■ Task goal
Each line of the records must appear in your answer exactly, with no pictures.

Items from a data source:

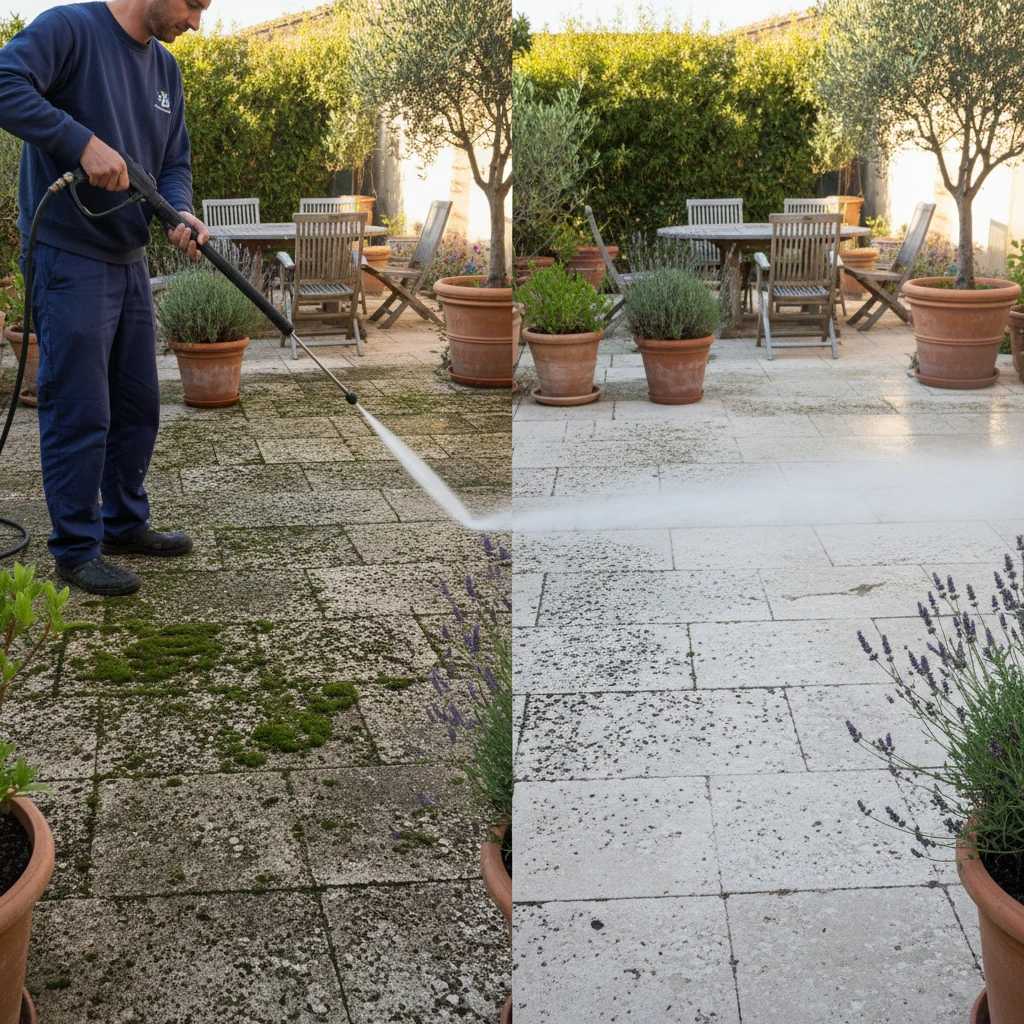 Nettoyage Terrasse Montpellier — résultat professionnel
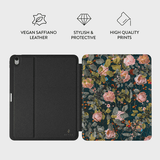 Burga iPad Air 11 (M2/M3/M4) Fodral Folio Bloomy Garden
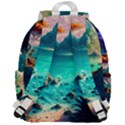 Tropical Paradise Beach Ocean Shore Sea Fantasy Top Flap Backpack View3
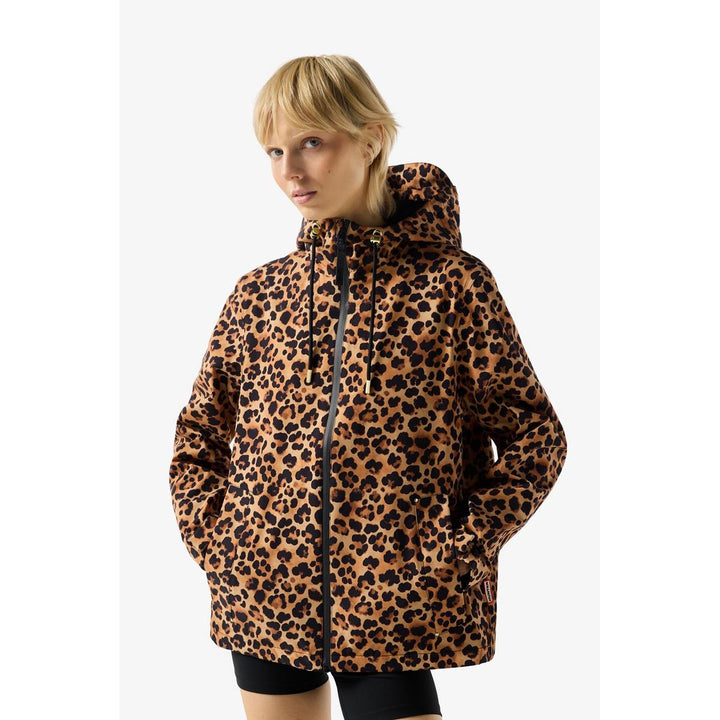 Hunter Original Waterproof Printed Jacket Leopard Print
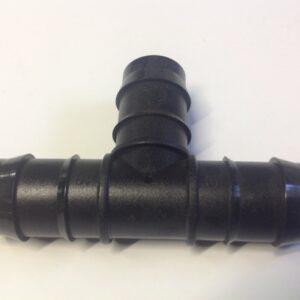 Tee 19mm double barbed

■ Solution
 Nettoyage Terrasse Montpellier — résultat professionnel
 Burga iPad Air 11 (M2/M3/M4) Fodral Folio Bloomy Garden
 Tropical Paradise Beach Ocean Shore Sea Fantasy Top Flap Backpack View3
 Hunter Original Waterproof Printed Jacket Leopard Print
 Tee 19mm double barbed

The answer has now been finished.